The regulatory framework governing Danish M&A transactions is comprehensive, ranging from regulation of the relationship between the seller and buyer or the shareholder and the company (e.g., the law of contracts, company law, securities law) to the relationship between the companies and the outside world (e.g., competition law and tort law).
Regulators might be involved in Danish M&A transactions – both on their own initiative and on request – depending on the nature of the transaction. Frequently involved Danish regulators and public authorities are the taxation authorities, the Labour Market Council, the Danish Financial Supervisory Authority, the Danish Business Authority, the competition authorities, the Danish Consumer Ombudsman and the foundation authority.3 Most decisions by Danish regulators can be appealed – either to a specific body within the authority handling appeal or complaints, or to the courts.
At present, there is no act on Foreign Direct Investments, and no demand for approval by regulators or public authorities of foreign investments in Danish companies, but the Danish Minister for Justice has appointed a working committee on the matter. Especially on the area of critical infrastructure, Danish legislation on the subject is to be expected.4 The working group was appointed in the wake of the new Regulation (EU) 452/2019 of the European Parliament and of the Council of 19 March 2019 establishing a framework for the screening of foreign direct investments into the Union. Under Article 3 of the Regulation, Member States can adopt mechanisms to screen foreign direct investments in their territory on the grounds of security or public order to the extent that the legislation is in line with the framework for the Regulation.5
i Common claims and procedure
Shareholder claims in Denmark include (without limitation):
- claims under the Danish Companies Act, Section 361, which covers directors' and officers' liability, equivalent to a claim for breach of fiduciary duties;
- claims against sellers, banks, former management, advisers, etc., for statements made in prospectuses or other public announcements, price manipulation, etc.; and
- claims related to, for example, compulsory redemption of shares in connection with a transaction, including disputes over the takeover price.

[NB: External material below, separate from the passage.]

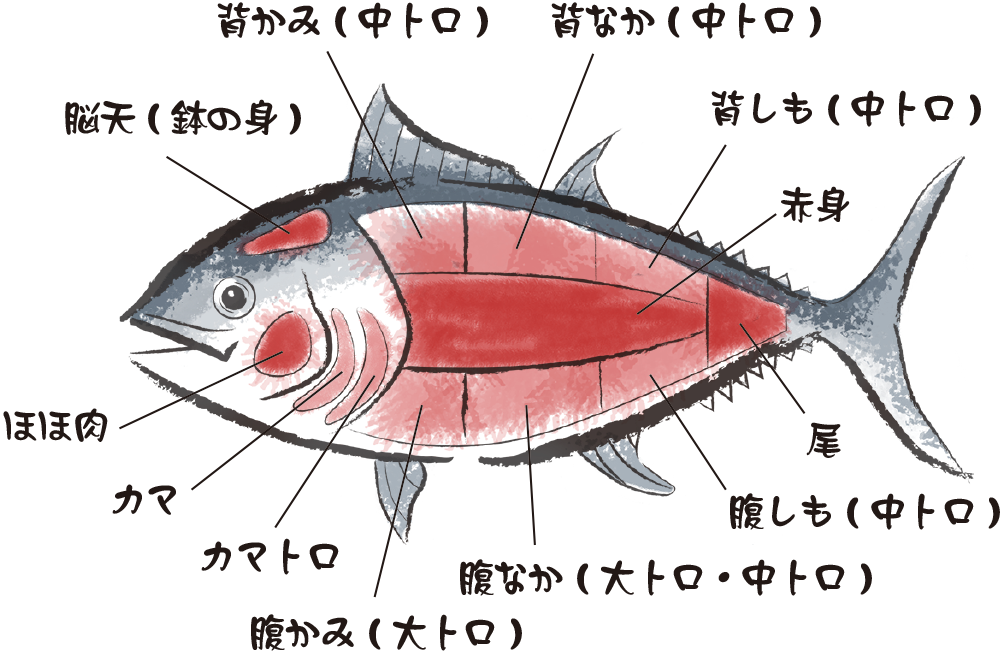 マグロ部位/赤身・背しも(中トロ)・背なか(中トロ)・背かみ(中トロ)・脳天(鉢の身)・ほほ肉・カマ・カマトロ・腹かみ(大トロ)・腹なか(大トロ・中トロ)・腹しも(中トロ)・尾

The legal basis of liability in these types of tort claims are ordinary negligence, except for claims against professional advisers, who are subject to professional liability.
Regarding (a), above, the threshold that the buyer, or the target company itself, must meet to successfully bring a claim for damages against the (former) management of the target company is rather high, and there are several recent examples of the Danish Supreme Court having refused to impose liability.
The most predominant is the Memory Card Technology case (U.2015.2075H) and the rationale applied by the Supreme Court.
In this case, the former majority owner and CEO was sentenced to six years' imprisonment due to fraudulent financial reporting. The board of directors was not involved in the fraudulent reporting, but the chairman of the board did receive a letter in which the CFO, who had held the position for a couple of months only, resigned and described the CEO's fraudulent actions quite accurately.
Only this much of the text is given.